## Directions
Please output exactly the lines below, starting at the line that has "Detail shot of" and ending at the line that has "Load image into", both included; leave out all pictures and include nothing else.

· · · ·

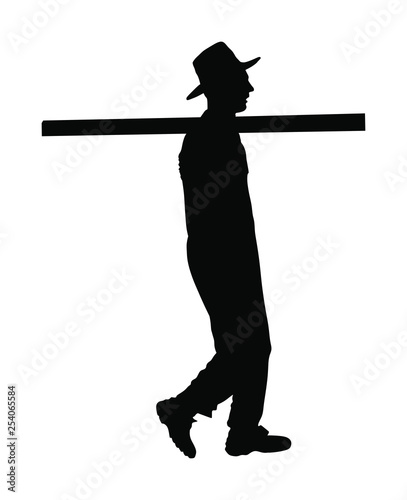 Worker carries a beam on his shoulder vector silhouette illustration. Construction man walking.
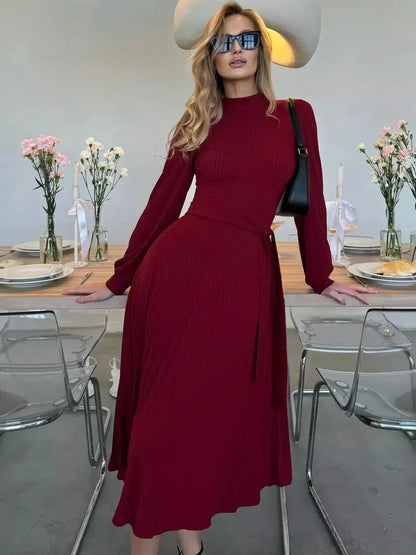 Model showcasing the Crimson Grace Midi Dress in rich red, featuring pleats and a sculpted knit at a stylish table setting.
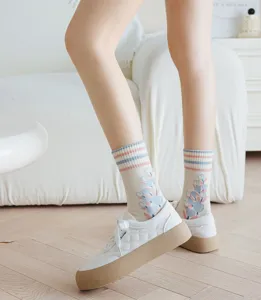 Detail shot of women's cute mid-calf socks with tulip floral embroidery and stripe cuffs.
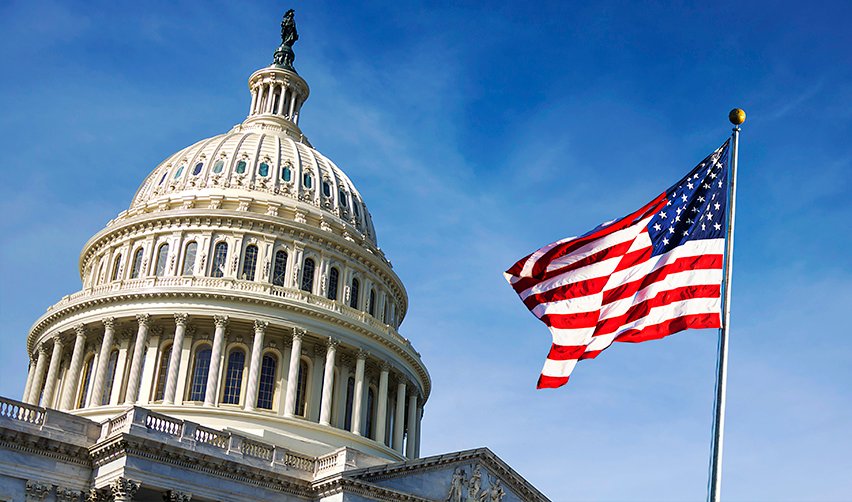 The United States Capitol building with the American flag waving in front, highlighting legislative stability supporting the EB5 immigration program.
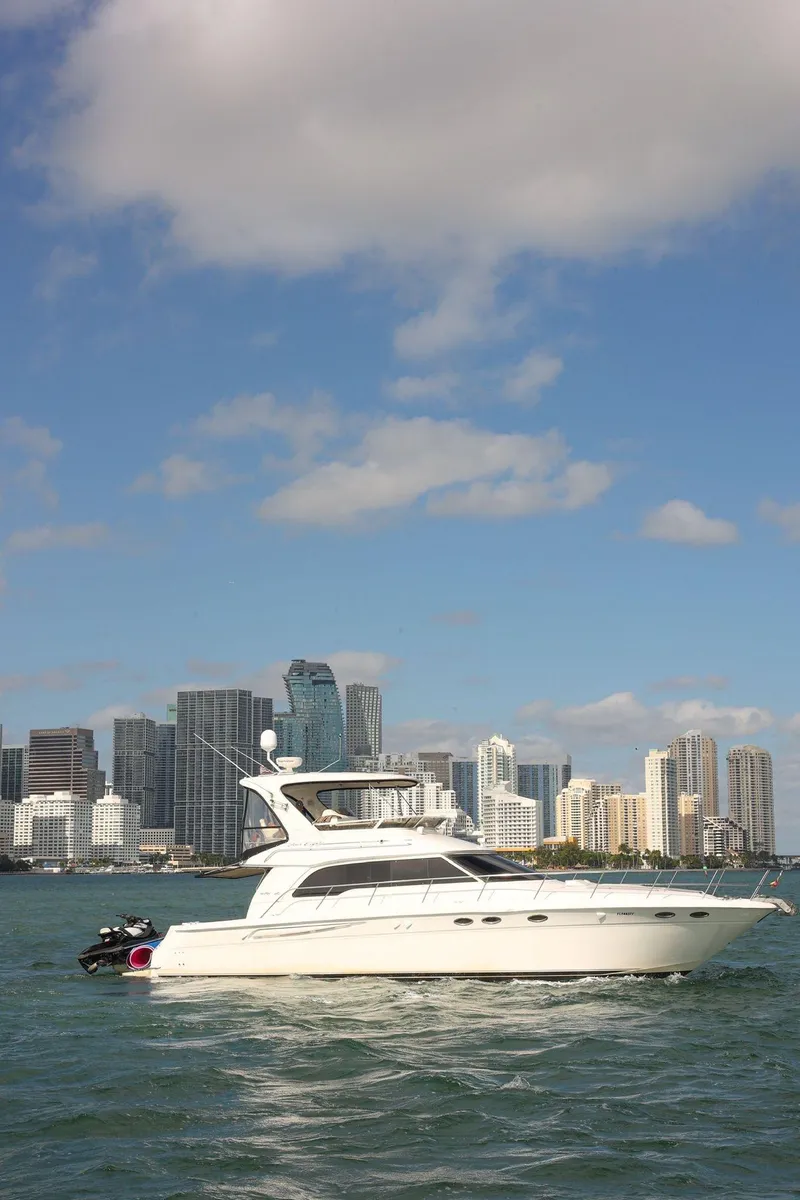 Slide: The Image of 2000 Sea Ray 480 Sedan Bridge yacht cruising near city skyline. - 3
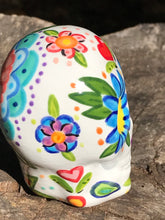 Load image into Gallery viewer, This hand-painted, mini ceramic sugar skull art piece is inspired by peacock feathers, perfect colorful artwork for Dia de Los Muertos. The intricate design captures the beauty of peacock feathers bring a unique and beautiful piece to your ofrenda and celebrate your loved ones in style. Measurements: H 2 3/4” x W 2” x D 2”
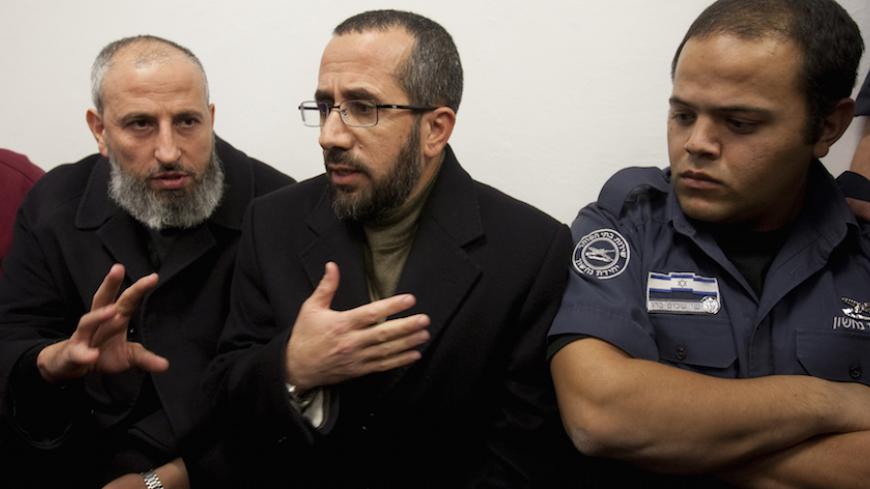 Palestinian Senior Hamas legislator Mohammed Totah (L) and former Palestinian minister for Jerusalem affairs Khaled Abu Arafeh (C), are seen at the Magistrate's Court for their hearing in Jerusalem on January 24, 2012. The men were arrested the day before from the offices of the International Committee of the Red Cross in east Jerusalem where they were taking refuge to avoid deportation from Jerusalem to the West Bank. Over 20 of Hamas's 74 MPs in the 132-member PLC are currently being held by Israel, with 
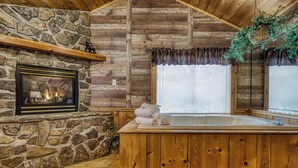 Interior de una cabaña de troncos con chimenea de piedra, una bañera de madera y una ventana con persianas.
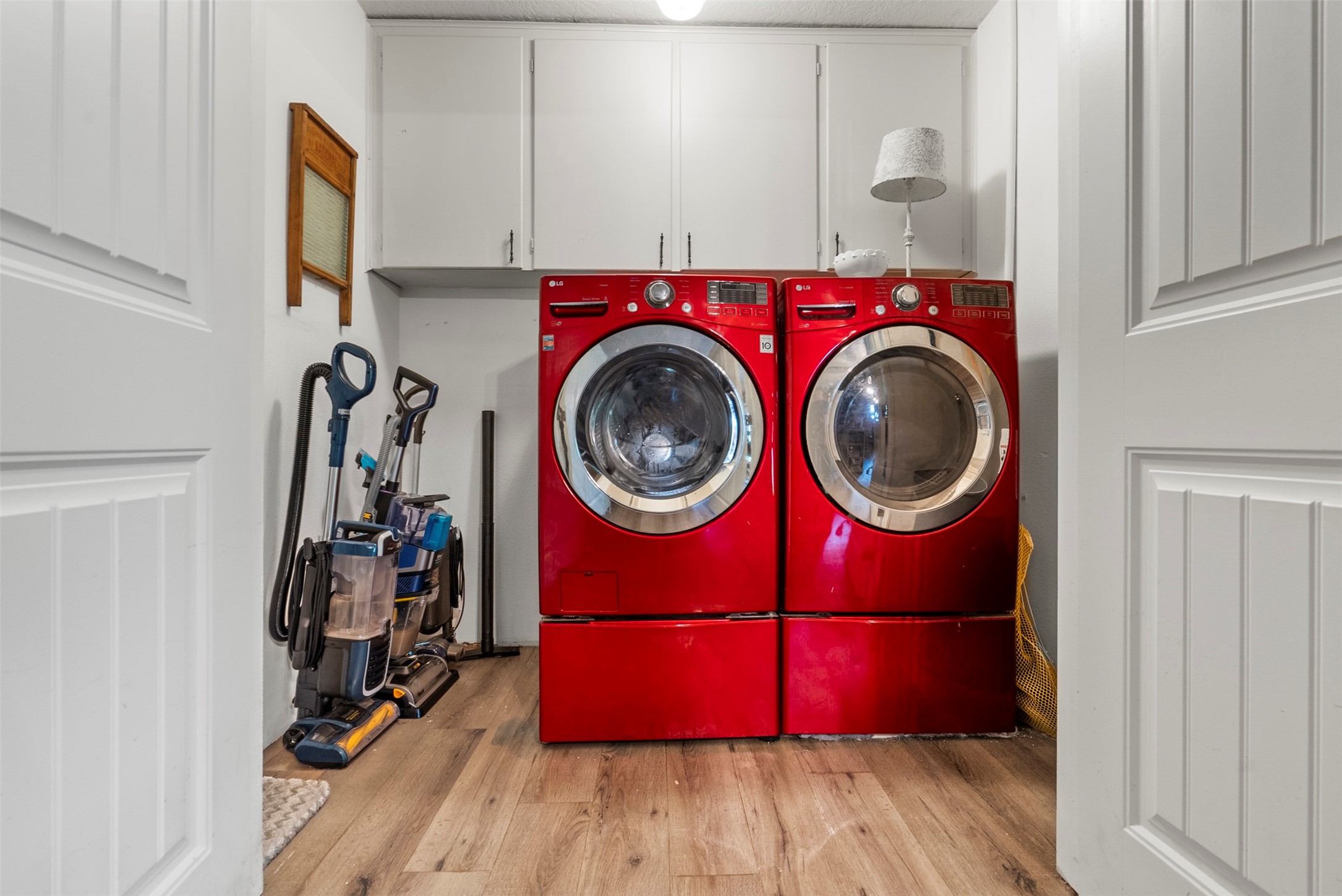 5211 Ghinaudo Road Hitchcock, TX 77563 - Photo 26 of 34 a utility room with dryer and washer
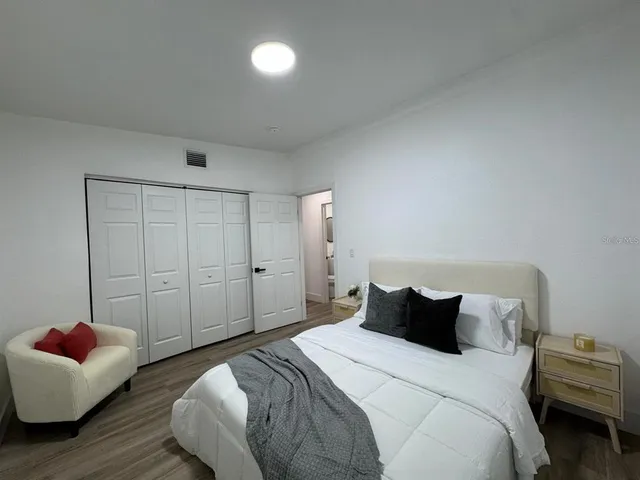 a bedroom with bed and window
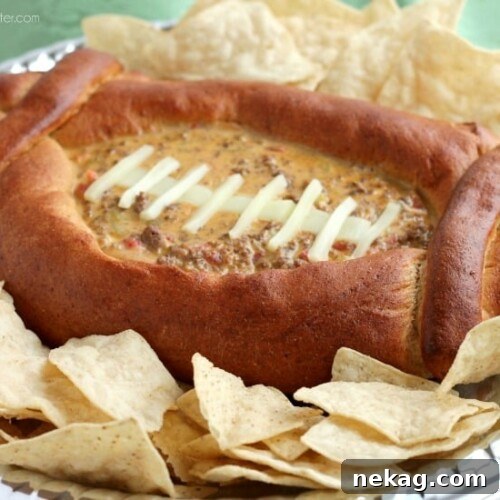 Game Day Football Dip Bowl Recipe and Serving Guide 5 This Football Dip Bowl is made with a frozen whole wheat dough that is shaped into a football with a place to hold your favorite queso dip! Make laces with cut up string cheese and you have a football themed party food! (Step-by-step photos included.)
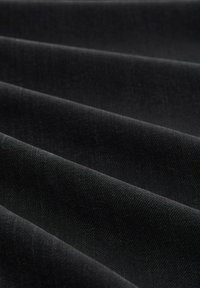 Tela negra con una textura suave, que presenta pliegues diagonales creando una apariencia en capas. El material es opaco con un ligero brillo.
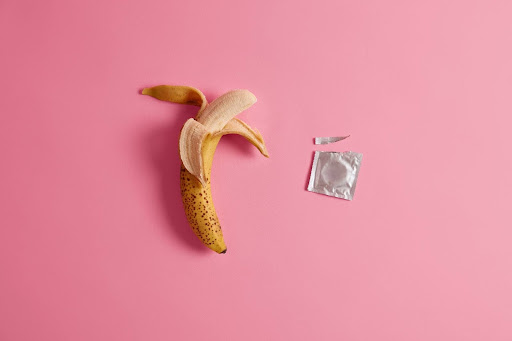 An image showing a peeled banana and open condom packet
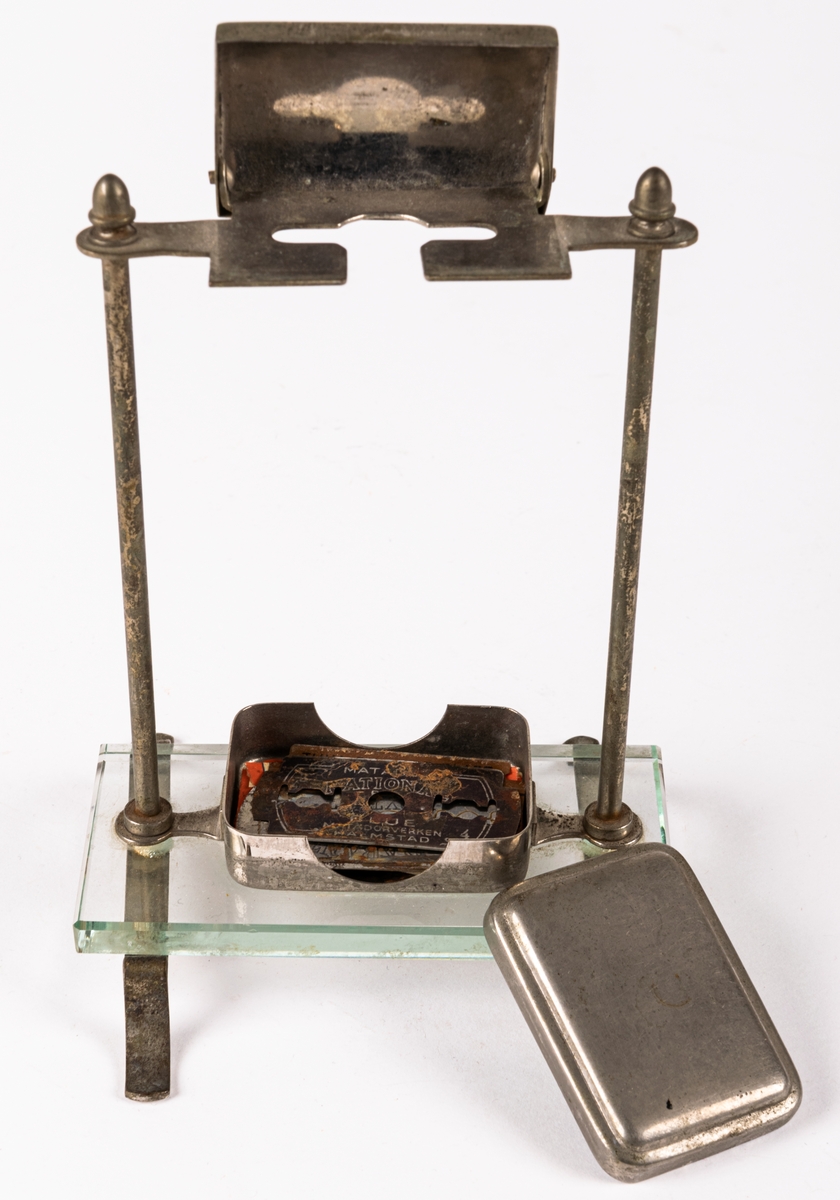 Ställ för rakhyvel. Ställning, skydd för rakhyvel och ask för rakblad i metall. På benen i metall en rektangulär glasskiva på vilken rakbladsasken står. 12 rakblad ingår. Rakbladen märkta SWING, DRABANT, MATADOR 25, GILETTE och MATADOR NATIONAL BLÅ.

· · · ·

## Answer for the task
 Detail shot of women's cute mid-calf socks with tulip floral embroidery and stripe cuffs.
 The United States Capitol building with the American flag waving in front, highlighting legislative stability supporting the EB5 immigration program.
 Slide: The Image of 2000 Sea Ray 480 Sedan Bridge yacht cruising near city skyline. - 3
 Load image into Gallery viewer, This hand-painted, mini ceramic sugar skull art piece is inspired by peacock feathers, perfect colorful artwork for Dia de Los Muertos. The intricate design captures the beauty of peacock feathers bring a unique and beautiful piece to your ofrenda and celebrate your loved ones in style. Measurements: H 2 3/4” x W 2” x D 2”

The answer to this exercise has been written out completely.